Tokyo :Scientists have found that a butterfly species from Australasia has 15 classes of light-detecting cells or photoreceptors, enabling them to see fast moving objects better than the human eye and even distinguish ultraviolet and polarized light.
Previously, no insect was known to have more than nine classes of photoreceptors, researchers said.
These photoreceptors are comparable to the rods and cones in the human eye.
Common bluebottles (Graphium sarpedon) have large eyes and use their blue-green iridescent wings for visual communication evidence that their vision must be excellent.
“We have studied colour vision in many insects for many years, and we knew that the number of photoreceptors varies greatly from species to species,” said lead author Kentaro Arikawa, professor at Sokendai (the Graduate University for Advanced Studies) in Japan.
“But this discovery of 15 classes in one eye was really stunning,” said Arikawa.
Have multiple classes of photoreceptors is indispensable for seeing colour. Each class is stimulated by light of some wavelengths, and less or not at all by other wavelengths.
By comparing information received from the different photoreceptor classes, the brain is able to distinguish colours.
Through physiological, anatomical and molecular experiments, researchers were able to determine that common bluebottles have 15 photoreceptor classes, one stimulated by ultraviolet light, another by violet, three stimulated by slightly different blue lights, one by blue-green, four by green lights, and five by red lights
Many other insects have only three classes of photoreceptor and yet have excellent colour vision. Likewise, humans have only three classes of cones, enough to distinguish millions of colours, researchers said.

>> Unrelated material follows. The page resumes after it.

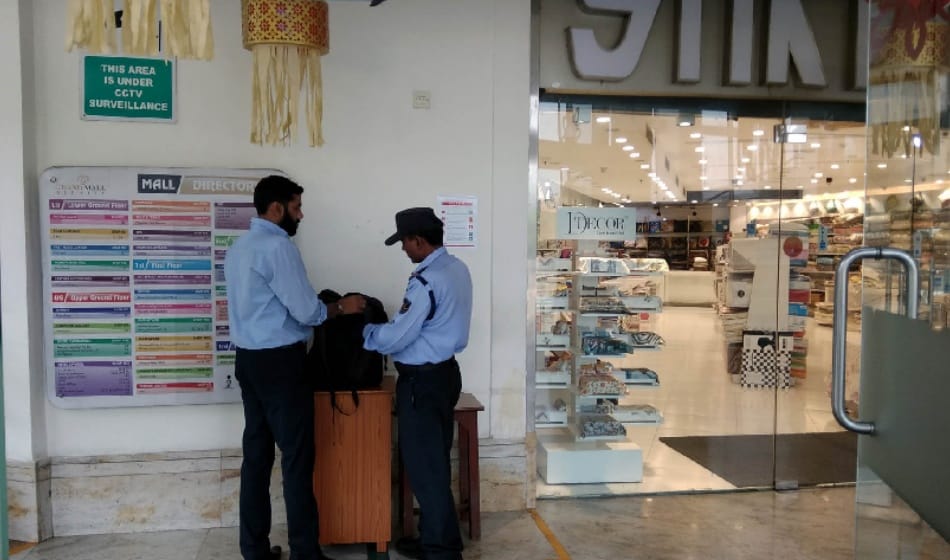 firing in the bar of grand mall two people injured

The researchers believe that common bluebottles use only four classes of photoreceptor for routine colour vision, and use the other eleven to detect very specific stimuli in the environment, for example fast-moving objects against the sky or colourful objects hidden among vegetation.

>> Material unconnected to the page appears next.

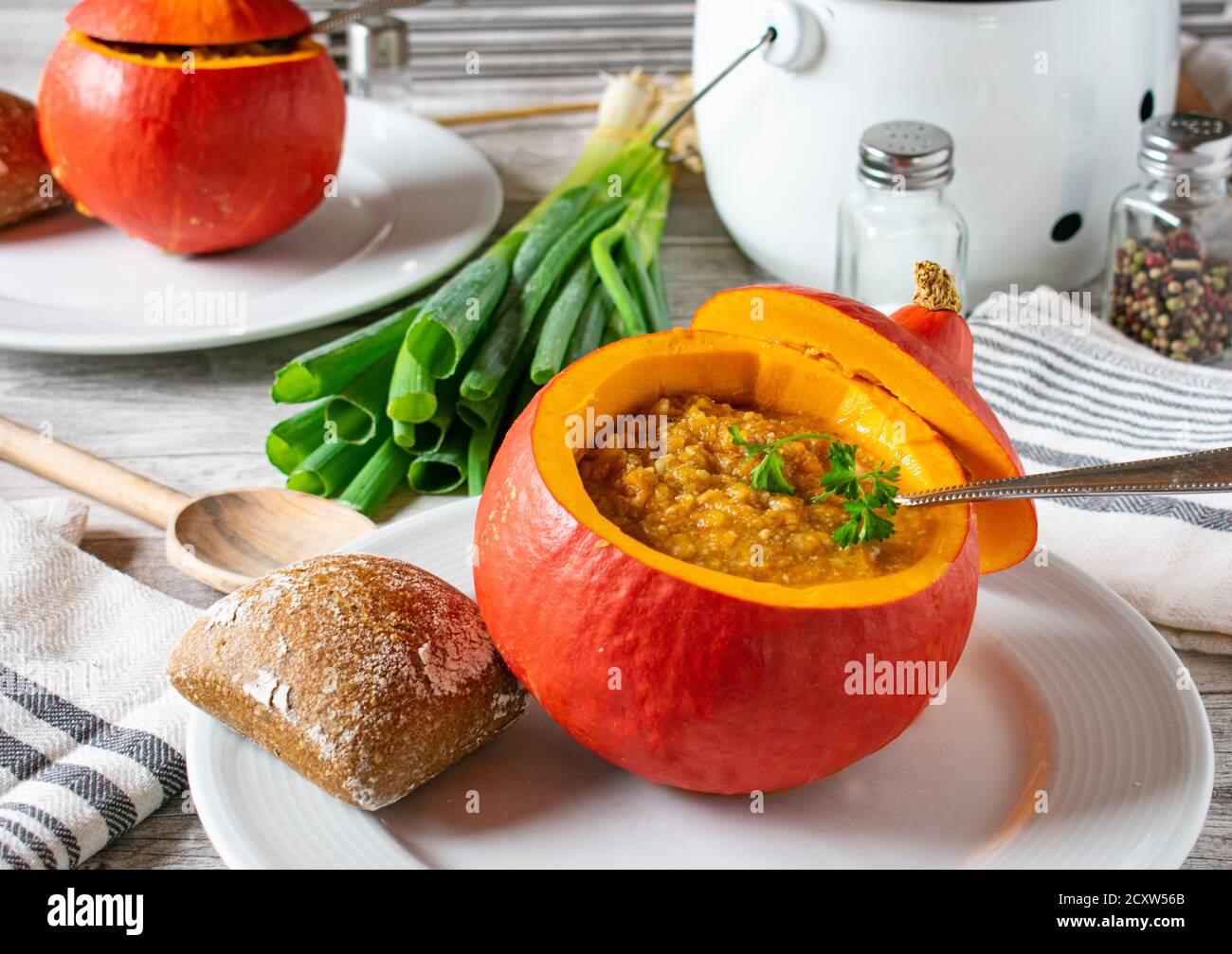 soupe servie dans un bol de potiron Banque D'Images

A similar system is found in another butterfly previously studied by the same research group, the Asian swallowtail (Papilio xuthus), which has six photoreceptors.
“Butterflies may have a slightly lower visual acuity than ourselves, but in many respects they enjoy a clear advantage over us they have a very large visual field, a superior ability to pursue fast-moving objects and can even distinguish ultraviolet and polarised light,” said Arikawa.